• WHAT NEEDS TO BE DONE:
Print every line below without adding or leaving out a single word.

• LISTED RECORDS:
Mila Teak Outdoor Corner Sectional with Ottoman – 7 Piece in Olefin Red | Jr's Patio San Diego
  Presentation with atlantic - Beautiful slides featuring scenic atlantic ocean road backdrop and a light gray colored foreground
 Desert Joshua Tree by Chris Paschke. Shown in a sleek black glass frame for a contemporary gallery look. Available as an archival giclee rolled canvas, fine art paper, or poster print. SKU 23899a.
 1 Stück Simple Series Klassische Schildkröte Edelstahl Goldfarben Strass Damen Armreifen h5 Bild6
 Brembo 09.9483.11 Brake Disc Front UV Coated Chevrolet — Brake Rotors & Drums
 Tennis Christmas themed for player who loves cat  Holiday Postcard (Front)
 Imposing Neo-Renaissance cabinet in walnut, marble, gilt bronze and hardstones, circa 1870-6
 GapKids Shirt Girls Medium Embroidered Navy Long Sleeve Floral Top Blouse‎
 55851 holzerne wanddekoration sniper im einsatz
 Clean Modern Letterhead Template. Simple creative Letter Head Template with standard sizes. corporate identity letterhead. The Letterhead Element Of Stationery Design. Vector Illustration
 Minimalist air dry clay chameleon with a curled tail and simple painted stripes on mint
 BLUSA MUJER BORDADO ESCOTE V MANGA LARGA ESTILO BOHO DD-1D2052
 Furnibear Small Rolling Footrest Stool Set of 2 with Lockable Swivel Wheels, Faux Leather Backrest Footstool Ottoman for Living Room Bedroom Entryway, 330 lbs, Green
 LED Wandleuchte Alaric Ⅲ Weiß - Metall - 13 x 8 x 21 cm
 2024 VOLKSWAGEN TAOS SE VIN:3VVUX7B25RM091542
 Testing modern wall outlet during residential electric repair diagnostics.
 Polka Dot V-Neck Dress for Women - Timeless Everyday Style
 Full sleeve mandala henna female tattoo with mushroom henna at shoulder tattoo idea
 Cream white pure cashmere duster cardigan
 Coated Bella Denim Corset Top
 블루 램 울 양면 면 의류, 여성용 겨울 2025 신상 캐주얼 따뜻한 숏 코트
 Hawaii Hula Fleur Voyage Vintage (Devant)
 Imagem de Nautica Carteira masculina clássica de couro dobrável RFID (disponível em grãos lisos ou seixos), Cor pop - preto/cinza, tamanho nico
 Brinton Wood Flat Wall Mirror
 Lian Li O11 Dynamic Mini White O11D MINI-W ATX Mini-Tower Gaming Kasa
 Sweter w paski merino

• ANSWER AREA:
Mila Teak Outdoor Corner Sectional with Ottoman – 7 Piece in Olefin Red | Jr's Patio San Diego
  Presentation with atlantic - Beautiful slides featuring scenic atlantic ocean road backdrop and a light gray colored foreground
 Desert Joshua Tree by Chris Paschke. Shown in a sleek black glass frame for a contemporary gallery look. Available as an archival giclee rolled canvas, fine art paper, or poster print. SKU 23899a.
 1 Stück Simple Series Klassische Schildkröte Edelstahl Goldfarben Strass Damen Armreifen h5 Bild6
 Brembo 09.9483.11 Brake Disc Front UV Coated Chevrolet — Brake Rotors & Drums
 Tennis Christmas themed for player who loves cat  Holiday Postcard (Front)
 Imposing Neo-Renaissance cabinet in walnut, marble, gilt bronze and hardstones, circa 1870-6
 GapKids Shirt Girls Medium Embroidered Navy Long Sleeve Floral Top Blouse‎
 55851 holzerne wanddekoration sniper im einsatz
 Clean Modern Letterhead Template. Simple creative Letter Head Template with standard sizes. corporate identity letterhead. The Letterhead Element Of Stationery Design. Vector Illustration
 Minimalist air dry clay chameleon with a curled tail and simple painted stripes on mint
 BLUSA MUJER BORDADO ESCOTE V MANGA LARGA ESTILO BOHO DD-1D2052
 Furnibear Small Rolling Footrest Stool Set of 2 with Lockable Swivel Wheels, Faux Leather Backrest Footstool Ottoman for Living Room Bedroom Entryway, 330 lbs, Green
 LED Wandleuchte Alaric Ⅲ Weiß - Metall - 13 x 8 x 21 cm
 2024 VOLKSWAGEN TAOS SE VIN:3VVUX7B25RM091542
 Testing modern wall outlet during residential electric repair diagnostics.
 Polka Dot V-Neck Dress for Women - Timeless Everyday Style
 Full sleeve mandala henna female tattoo with mushroom henna at shoulder tattoo idea
 Cream white pure cashmere duster cardigan
 Coated Bella Denim Corset Top
 블루 램 울 양면 면 의류, 여성용 겨울 2025 신상 캐주얼 따뜻한 숏 코트
 Hawaii Hula Fleur Voyage Vintage (Devant)
 Imagem de Nautica Carteira masculina clássica de couro dobrável RFID (disponível em grãos lisos ou seixos), Cor pop - preto/cinza, tamanho nico
 Brinton Wood Flat Wall Mirror
 Lian Li O11 Dynamic Mini White O11D MINI-W ATX Mini-Tower Gaming Kasa
 Sweter w paski merino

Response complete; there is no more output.